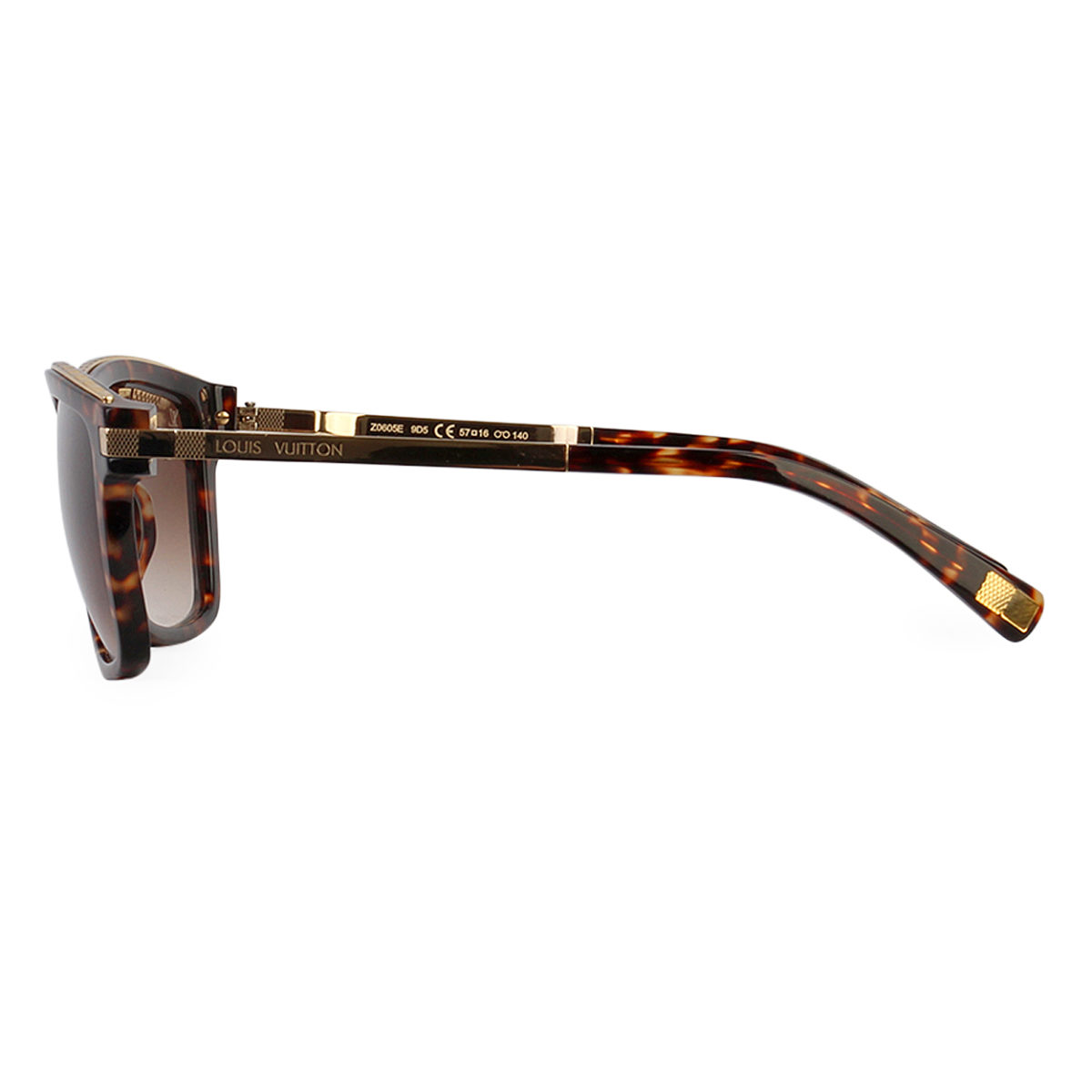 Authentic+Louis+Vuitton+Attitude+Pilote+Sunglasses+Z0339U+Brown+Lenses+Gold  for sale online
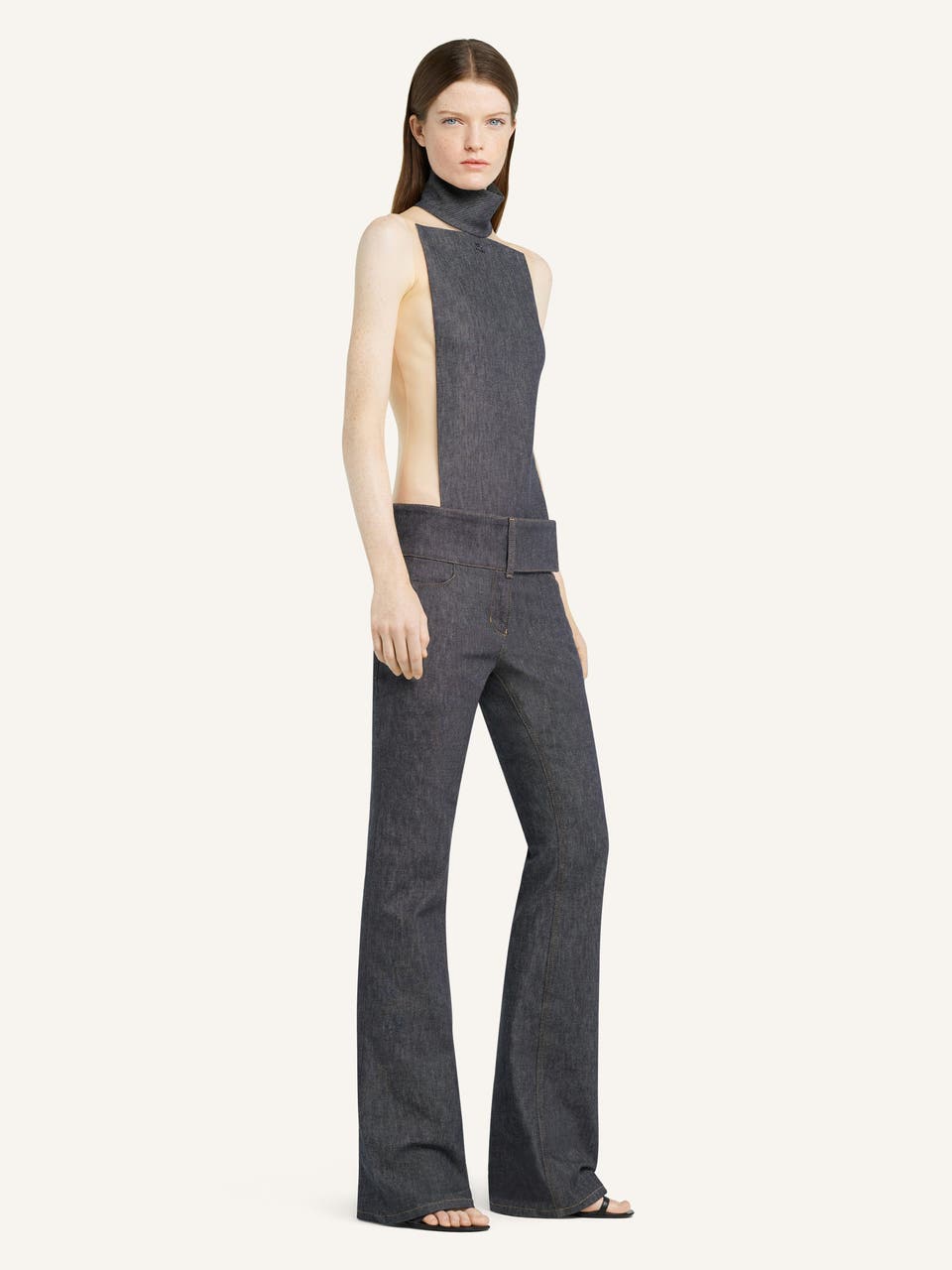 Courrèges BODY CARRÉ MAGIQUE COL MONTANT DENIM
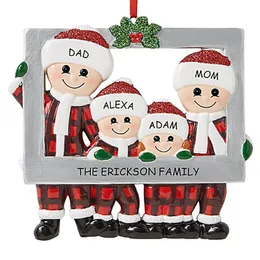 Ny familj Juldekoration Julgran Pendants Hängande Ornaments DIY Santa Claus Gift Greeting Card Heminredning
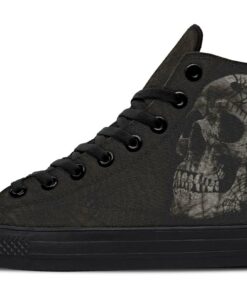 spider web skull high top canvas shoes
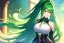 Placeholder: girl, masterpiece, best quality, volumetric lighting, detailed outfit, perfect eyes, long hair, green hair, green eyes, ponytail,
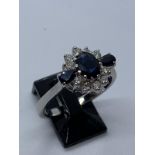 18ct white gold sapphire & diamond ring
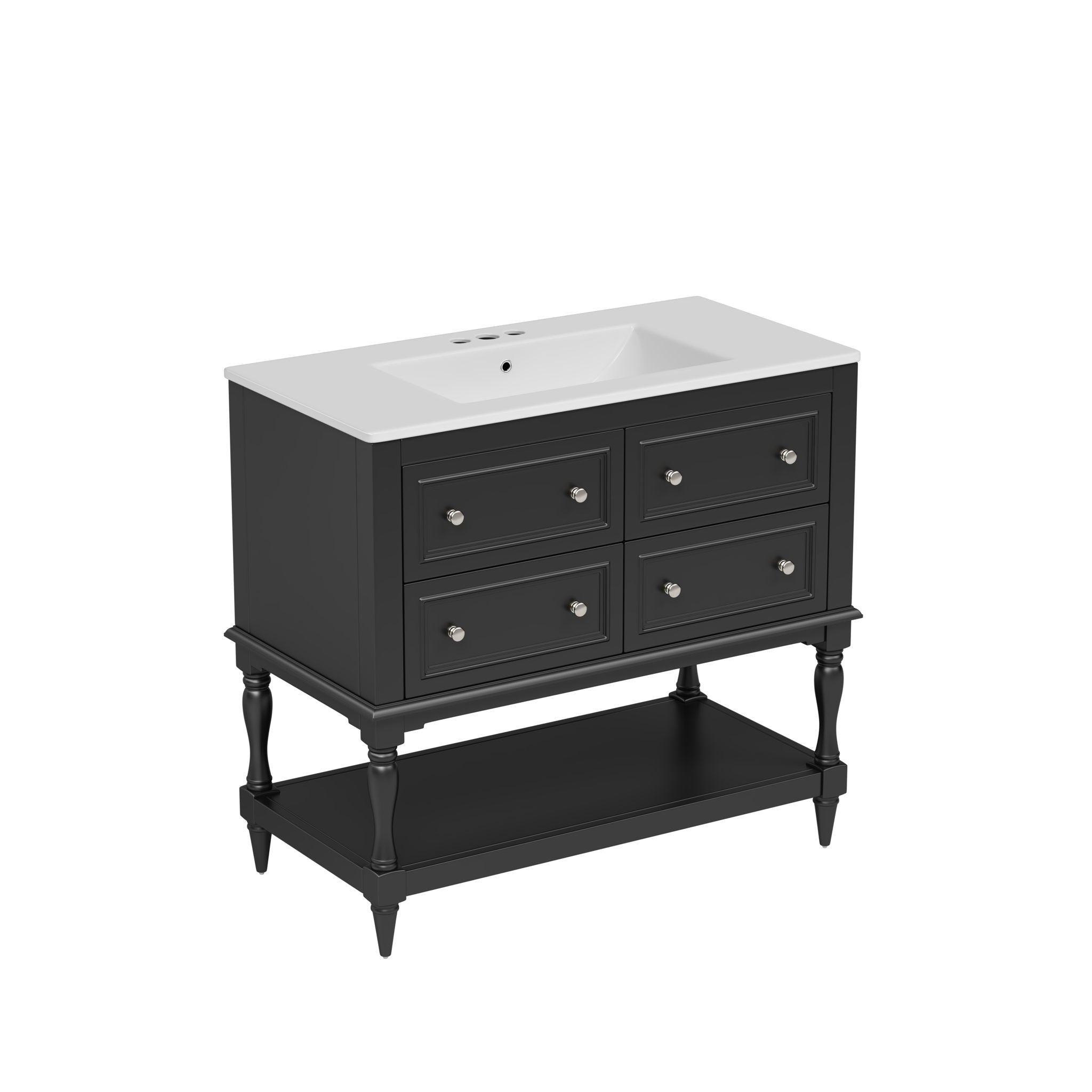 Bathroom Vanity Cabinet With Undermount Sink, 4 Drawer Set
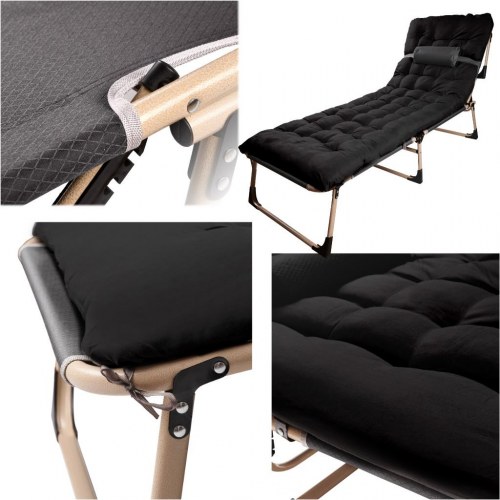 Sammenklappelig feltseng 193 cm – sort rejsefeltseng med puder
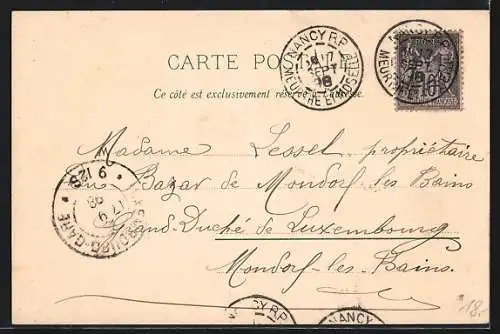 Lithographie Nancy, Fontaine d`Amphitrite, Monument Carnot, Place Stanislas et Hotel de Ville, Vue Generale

**TASK INSTRUCTIONS**. Only the pictures should be left out; write out everything else in the records exactly.

**SOLUTION FOR THIS EXERCISE**.
 Authentic+Louis+Vuitton+Attitude+Pilote+Sunglasses+Z0339U+Brown+Lenses+Gold  for sale online
 Courrèges BODY CARRÉ MAGIQUE COL MONTANT DENIM
 Ny familj Juldekoration Julgran Pendants Hängande Ornaments DIY Santa Claus Gift Greeting Card Heminredning
 spider web skull high top canvas shoes
 Placeholder: girl, masterpiece, best quality, volumetric lighting, detailed outfit, perfect eyes, long hair, green hair, green eyes, ponytail,
 18ct white gold sapphire & diamond ring
 Bathroom Vanity Cabinet With Undermount Sink, 4 Drawer Set
 Sammenklappelig feltseng 193 cm – sort rejsefeltseng med puder
 Lithographie Nancy, Fontaine d`Amphitrite, Monument Carnot, Place Stanislas et Hotel de Ville, Vue Generale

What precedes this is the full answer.